**Task to carry out:** Below is some data. Retype exactly the lines starting at the one with "Young blonde schoolgirl" and ending at the one with "Compact Magnetic Power".

**Material supplied:**
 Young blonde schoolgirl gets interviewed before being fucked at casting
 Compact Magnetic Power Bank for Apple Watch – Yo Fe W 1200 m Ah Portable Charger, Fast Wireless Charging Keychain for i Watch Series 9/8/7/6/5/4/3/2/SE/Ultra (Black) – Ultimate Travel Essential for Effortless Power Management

...

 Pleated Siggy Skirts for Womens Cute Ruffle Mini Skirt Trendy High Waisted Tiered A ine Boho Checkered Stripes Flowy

**Response to this task:**
 Young blonde schoolgirl gets interviewed before being fucked at casting
 Compact Magnetic Power Bank for Apple Watch – Yo Fe W 1200 m Ah Portable Charger, Fast Wireless Charging Keychain for i Watch Series 9/8/7/6/5/4/3/2/SE/Ultra (Black) – Ultimate Travel Essential for Effortless Power Management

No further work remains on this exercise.